You've not disproven a thing, but instead, simply cried "BS" and left.  If you can prove that water vapor and smoke molecules don't cling to one another, let's hear it.  Why do you think one of the main objectives in cold smoking is to rid the smoke of the condensate and separate the two?

You might want to do a litle homework prior to attempting to discredit others, "guy".


----------



## chef k-dude

Some is science and some is opinion, and some is “lore”.

As far as advice from competition smokers, it can be very effective, but can also be very specific to their particular setup.

I haven’t watched a lot of competitions, but I don’t imagine since I get the furrowed brow from “the best barbeque guy in town” (from whatever town I happen to be in) when I chat with him and tell him I love to do some smoking here and there and use a masterbuilt electric smoker…that these “professionals” (a word that means you get paid, not necessarily that you are the best at anything) are using an electric masterbuilt smoker.

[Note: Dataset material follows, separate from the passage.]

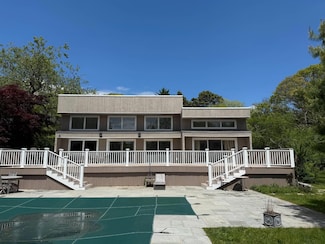 251 Sebonac Rd, Southampton, NY 11968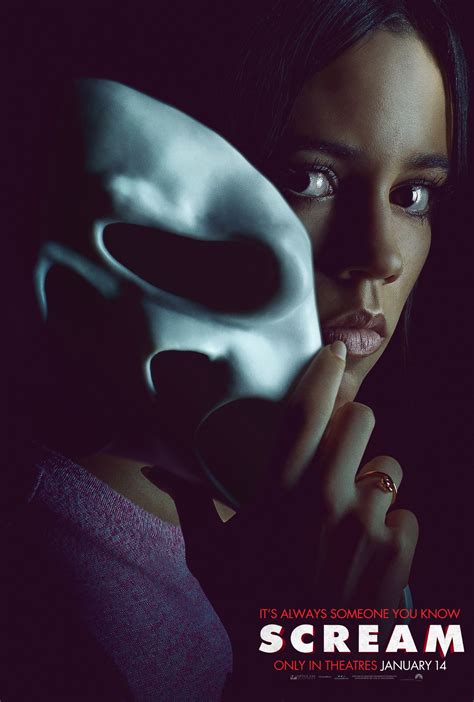 Ghostface Mask Is Held By 9 Different Characters In Scream 5 Posters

My MES came with a pan. The instructions tell you to use the pan…if you want, it also tells you to dampen/constrict the vent…another argument you can start on this web site in a heartbeat…fruitlessly.

The nice lady that started this firestorm of discussion is using a propane smoker…there are many kinds of smokers…including gas grills with smoker pans bought from the hardware store or other places (pray tell!).

At age 52, I can tell you for a fact that “good barbeque” is a matter of opinion anyway. I see judges discrediting ribs that come readily off the bone…”you should have to bite and pull a bit” they’ll say. But I haven’t met one person…regular people, not these “smoking gods” who determine the fate of competitors…that has ever had ribs that come right off the bone, or falling off the bone so much that a fork is actually effective, say, “these taste OK, but I hate when the meat falls off the bone". Never in my life have I ever met a person who said that. So, “professional” is more than opinion when you are trying to please judges at a competition, but regular people don’t always agree with the experts…and there are a lot more regular people that eat food than “experts”.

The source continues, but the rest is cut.